Summer flooding has been an annual scourge in China since ancient times, often focused along the vast Yangtze basin that drains much of the central part of the country.

Steady rains since late June have flooded huge areas, leaving 141 people dead or missing so far, affecting 37.89 million others and destroying 28,000 homes, according to central government tallies.

But worsening downpours since last week have caused water levels to spike higher and the government to ramp up alert levels.

Thirty-three rivers have reached record highs, while alerts have been issued on a total of 433 rivers, officials from the Ministry of Water Resources said during a briefing in Beijing on Monday.

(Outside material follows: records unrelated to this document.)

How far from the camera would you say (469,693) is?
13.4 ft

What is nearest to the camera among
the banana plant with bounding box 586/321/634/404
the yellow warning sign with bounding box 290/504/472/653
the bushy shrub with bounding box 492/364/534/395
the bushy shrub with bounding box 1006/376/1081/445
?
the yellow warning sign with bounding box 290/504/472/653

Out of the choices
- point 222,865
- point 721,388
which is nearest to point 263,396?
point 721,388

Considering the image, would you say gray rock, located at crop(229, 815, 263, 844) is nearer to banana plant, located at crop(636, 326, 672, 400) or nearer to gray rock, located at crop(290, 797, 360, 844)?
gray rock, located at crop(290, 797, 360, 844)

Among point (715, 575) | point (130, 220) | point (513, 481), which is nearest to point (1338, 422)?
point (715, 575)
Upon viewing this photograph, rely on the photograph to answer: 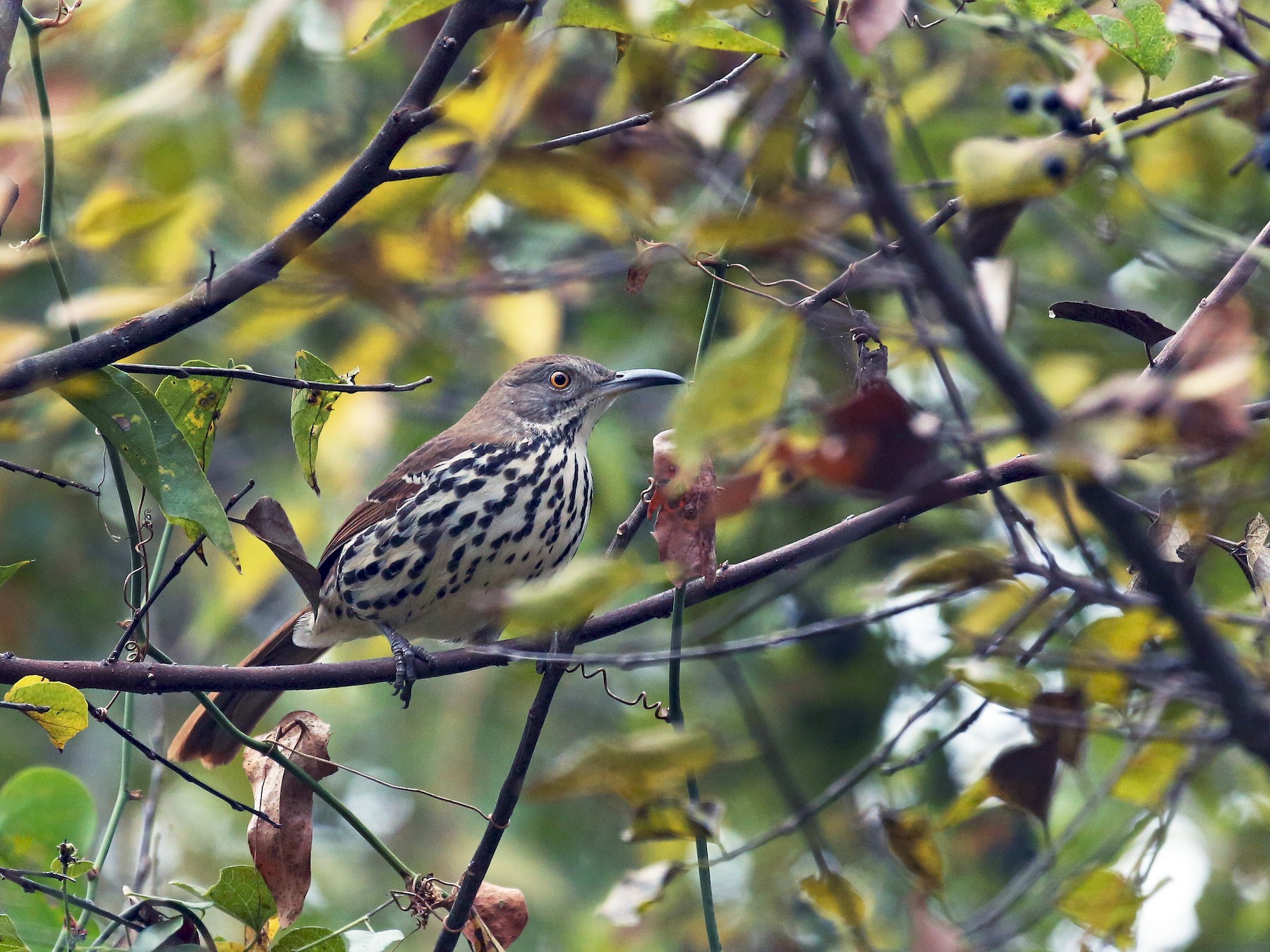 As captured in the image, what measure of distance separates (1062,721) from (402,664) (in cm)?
150

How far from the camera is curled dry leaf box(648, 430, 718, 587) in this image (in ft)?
6.91

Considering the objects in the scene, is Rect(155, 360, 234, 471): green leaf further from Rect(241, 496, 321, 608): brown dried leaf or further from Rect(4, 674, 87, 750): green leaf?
Rect(4, 674, 87, 750): green leaf

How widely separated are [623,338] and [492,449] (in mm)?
1868

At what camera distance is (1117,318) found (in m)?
1.91

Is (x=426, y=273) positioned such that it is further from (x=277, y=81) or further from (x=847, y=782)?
(x=277, y=81)

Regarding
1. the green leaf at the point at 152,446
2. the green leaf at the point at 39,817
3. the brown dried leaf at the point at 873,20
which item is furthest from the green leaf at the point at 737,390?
the green leaf at the point at 39,817

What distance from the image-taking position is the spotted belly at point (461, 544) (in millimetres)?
3666

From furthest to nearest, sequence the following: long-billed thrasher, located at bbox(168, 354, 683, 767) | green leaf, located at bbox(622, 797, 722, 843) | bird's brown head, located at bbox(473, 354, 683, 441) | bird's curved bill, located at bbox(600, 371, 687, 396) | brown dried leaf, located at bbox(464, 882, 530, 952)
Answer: bird's brown head, located at bbox(473, 354, 683, 441)
bird's curved bill, located at bbox(600, 371, 687, 396)
long-billed thrasher, located at bbox(168, 354, 683, 767)
brown dried leaf, located at bbox(464, 882, 530, 952)
green leaf, located at bbox(622, 797, 722, 843)

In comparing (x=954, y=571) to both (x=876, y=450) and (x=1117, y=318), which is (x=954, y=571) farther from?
(x=1117, y=318)

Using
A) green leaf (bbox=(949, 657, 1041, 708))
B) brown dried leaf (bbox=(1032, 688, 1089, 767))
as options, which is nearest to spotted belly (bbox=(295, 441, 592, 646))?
brown dried leaf (bbox=(1032, 688, 1089, 767))

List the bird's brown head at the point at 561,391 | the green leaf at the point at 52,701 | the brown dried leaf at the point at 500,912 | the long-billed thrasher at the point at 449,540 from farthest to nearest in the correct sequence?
the bird's brown head at the point at 561,391, the long-billed thrasher at the point at 449,540, the brown dried leaf at the point at 500,912, the green leaf at the point at 52,701

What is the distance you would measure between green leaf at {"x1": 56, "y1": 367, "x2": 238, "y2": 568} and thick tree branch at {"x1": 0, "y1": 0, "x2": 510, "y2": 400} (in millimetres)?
67

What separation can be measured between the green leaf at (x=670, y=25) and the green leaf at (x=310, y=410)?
912mm

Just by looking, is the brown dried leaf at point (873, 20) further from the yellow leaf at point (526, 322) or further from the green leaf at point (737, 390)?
the yellow leaf at point (526, 322)
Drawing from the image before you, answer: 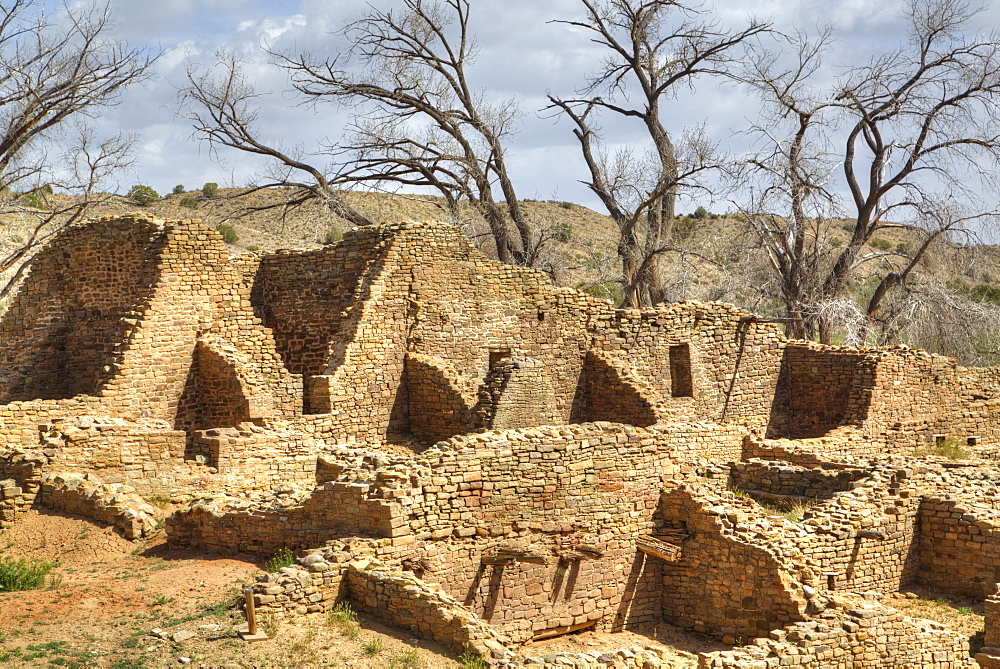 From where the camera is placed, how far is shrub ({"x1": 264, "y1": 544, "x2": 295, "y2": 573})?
1232 cm

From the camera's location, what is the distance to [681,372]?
71.4 feet

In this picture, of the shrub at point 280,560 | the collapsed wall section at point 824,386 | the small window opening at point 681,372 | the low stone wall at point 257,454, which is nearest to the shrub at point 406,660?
the shrub at point 280,560

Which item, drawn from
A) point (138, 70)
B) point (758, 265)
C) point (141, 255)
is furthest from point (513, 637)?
point (758, 265)

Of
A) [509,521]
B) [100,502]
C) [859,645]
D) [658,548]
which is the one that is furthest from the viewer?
[100,502]

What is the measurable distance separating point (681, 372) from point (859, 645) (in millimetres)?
10133

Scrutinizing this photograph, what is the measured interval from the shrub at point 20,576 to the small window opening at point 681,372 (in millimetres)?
12345

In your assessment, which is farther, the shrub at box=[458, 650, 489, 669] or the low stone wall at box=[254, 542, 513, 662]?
the low stone wall at box=[254, 542, 513, 662]

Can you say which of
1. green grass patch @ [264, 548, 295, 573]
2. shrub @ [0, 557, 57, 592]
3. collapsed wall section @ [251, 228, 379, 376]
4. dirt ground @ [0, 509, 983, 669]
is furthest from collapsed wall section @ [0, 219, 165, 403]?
green grass patch @ [264, 548, 295, 573]

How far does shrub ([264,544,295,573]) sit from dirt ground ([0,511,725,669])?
16 centimetres

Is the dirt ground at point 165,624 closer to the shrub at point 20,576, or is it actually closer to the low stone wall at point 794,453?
the shrub at point 20,576

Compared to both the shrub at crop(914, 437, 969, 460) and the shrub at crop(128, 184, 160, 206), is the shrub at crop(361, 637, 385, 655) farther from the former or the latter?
the shrub at crop(128, 184, 160, 206)

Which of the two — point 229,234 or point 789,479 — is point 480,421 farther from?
point 229,234

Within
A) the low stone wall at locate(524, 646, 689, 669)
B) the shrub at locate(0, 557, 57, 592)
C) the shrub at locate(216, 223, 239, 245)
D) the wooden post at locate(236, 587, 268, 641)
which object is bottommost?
the shrub at locate(0, 557, 57, 592)

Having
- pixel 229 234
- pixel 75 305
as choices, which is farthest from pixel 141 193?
pixel 75 305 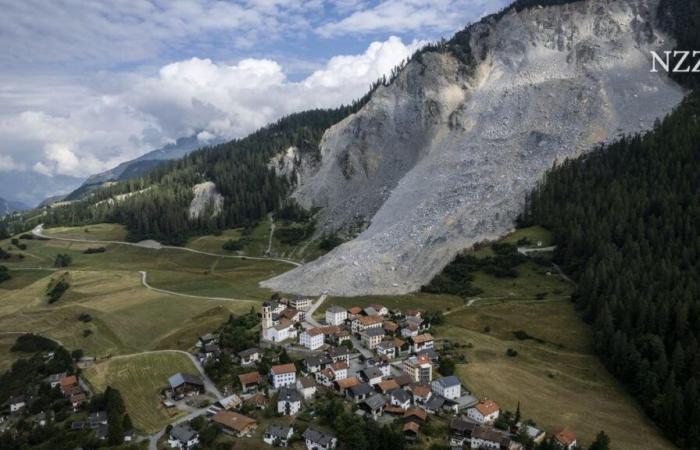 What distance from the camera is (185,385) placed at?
71.8 m

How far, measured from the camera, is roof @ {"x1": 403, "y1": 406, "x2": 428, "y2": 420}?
6031cm

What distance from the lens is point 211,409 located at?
214 feet

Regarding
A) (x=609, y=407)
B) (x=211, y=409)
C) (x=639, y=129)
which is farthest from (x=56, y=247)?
(x=639, y=129)

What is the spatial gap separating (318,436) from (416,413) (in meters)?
12.3

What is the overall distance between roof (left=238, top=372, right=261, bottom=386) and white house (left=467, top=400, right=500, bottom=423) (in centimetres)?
2968

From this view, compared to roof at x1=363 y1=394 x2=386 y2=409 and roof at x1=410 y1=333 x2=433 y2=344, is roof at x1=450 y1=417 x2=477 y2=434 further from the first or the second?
roof at x1=410 y1=333 x2=433 y2=344

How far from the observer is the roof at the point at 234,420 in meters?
59.6

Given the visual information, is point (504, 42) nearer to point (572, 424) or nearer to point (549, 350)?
point (549, 350)

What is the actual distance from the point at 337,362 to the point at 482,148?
332 ft

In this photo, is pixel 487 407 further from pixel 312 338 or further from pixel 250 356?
pixel 250 356

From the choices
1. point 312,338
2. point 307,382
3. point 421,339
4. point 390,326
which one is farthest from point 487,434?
point 312,338

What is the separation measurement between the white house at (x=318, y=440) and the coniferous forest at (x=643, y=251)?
40.9 meters

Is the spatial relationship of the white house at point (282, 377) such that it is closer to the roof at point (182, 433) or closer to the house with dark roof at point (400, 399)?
the roof at point (182, 433)

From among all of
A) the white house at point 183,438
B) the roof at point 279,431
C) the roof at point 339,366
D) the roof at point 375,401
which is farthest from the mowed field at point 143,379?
the roof at point 375,401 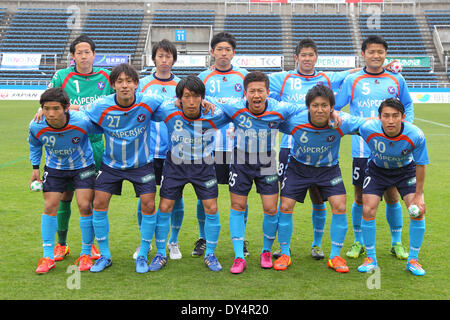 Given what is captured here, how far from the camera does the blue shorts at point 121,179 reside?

Video broadcast by Chinese state-run media at the weekend showed vast stretches of cities and towns inundated by water that rose in some places to the roofs of single-story homes, as rescue personnel evacuated men, women and children aboard inflatable boats.

Elsewhere, homes were shown flattened by landslides that had tumbled from water-logged hillsides.

The worst-hit provinces were Jiangxi, Hubei and Hunan in central China, Anhui, Zhejiang and Jiangsu in the country's east, and the southwestern mega-city of Chongqing, authorities said.

Illustrating the growing alarm, President Xi Jinping on Sunday called on authorities in affected areas to mobilise to help stricken residents, urging them to be "courageous".

China's worst floods in recent decades came in 1998 during an El Nino weather effect, killing more than 4,000 people, mostly around the Yangtze.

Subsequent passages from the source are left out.